The interesting thing about this is that, out of his transcritical reading, Karatani comes to reject, as is obvious from the quote, any “Hegelian” attachment made to Marx’s work, which includes dialectical materialism, historical materialism, Marxist theories of literature and art, as well as political economy, and natural dialectics. Thinking about this a little more… isn’t all this exactly what Zizek seeks to rehabilitate in The Parallax View? The introduction and first section are devoted to elaborating, via a confrontation with Lukács, a new theory of dialectical materialism. Later on, Zizek critiques historicism (unable to account for the performative dimension) in favor of a new notion of historical materialism (via Benjamin): the notion of History as that which is obliterated and completely re-narrativized after an Event—an Event through which all of History is re-thought.

There’s also a section on cognitive science via Catherine Malabou (a Hegelian philosopher who focuses in part on neuroscience): this isn’t simply an attempt at countering the claims of neuroscientists against psychoanalysis. It’s also an attempt to rehabilitate natural dialectics from the morass in which it had, since its very inception, fallen (the unscientific absurdity of Engel’s notion of the cosmos as a dialectical machine, for example…).

There are also other hints of Karatani’s influence: in order to reframe the notion of a priori synthetic judgment, Karatani “annexes” Kierkegaard as a Kantian thinker, deploying the notion of salto mortale as that which unites, with great fragility, the two split faculties of sensibility and understanding. Zizek then attempts to “reannex” Kierkegaard (through a very nuanced and well-supported analysis2), who more than any other post-Kantian philosopher seems to be the most synonymous with “anti-Hegelianism,” as a Hegelian/Lacanian par excellence! Even Zizek’s analysis of Henry James’s prose feels a bit different from his usual pop-culture analyses (a recurring theme since his first English work, The Sublime Object of Ideology): I’d propose that this is because his analysis (of James) is less in the vein of ideology critique (as in the case of his analysis of Hollywood cinema), or even his analyses of Claudel or Hamlet (authors who Lacan commented), than it is something new to The Parallax View: a concerted attempt at salvaging Marxian-Hegelian(-Lacanian) aesthetics.

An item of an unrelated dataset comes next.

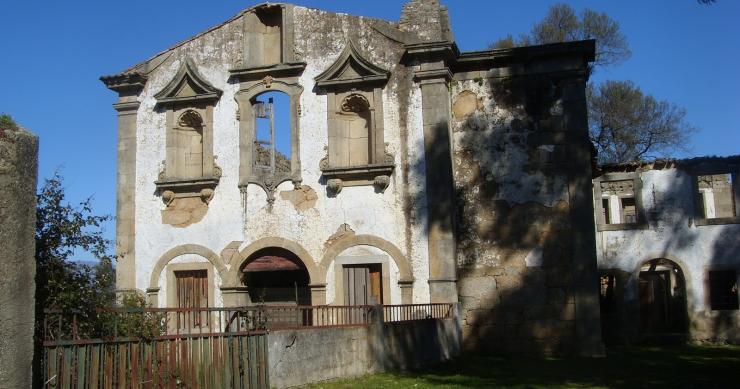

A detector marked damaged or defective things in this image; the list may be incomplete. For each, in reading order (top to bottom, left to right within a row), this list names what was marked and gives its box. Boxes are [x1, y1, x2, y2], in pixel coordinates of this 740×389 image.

rusty iron fence [42, 306, 268, 388]
rusty iron fence [384, 304, 454, 322]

It’s hard to say whether Karatani or Zizek come out on top. It’s something I haven’t been able to make up my mind on: like with parallax, it seems that all one can do in this encounter is emphasize the insurmountable difference between the two positions… the fact that they cannot be cheaply “synthesized” (as if such a notion were even Hegelian to begin with…). The point, though, is that there is much more of Karatani’s influence in The Parallax View than just the notion of “parallax,” which I think gets overemphasized (as does Zizek’s attempt at rehabilitating dialectical materialism, which is just one of the multitude of fields).

  1. Kojin Karatani, Transcritique, p. 133. 
  2. I happened to have written a paper a year ago on the close relationship between Kierkegaard and Kant/Hegel as well.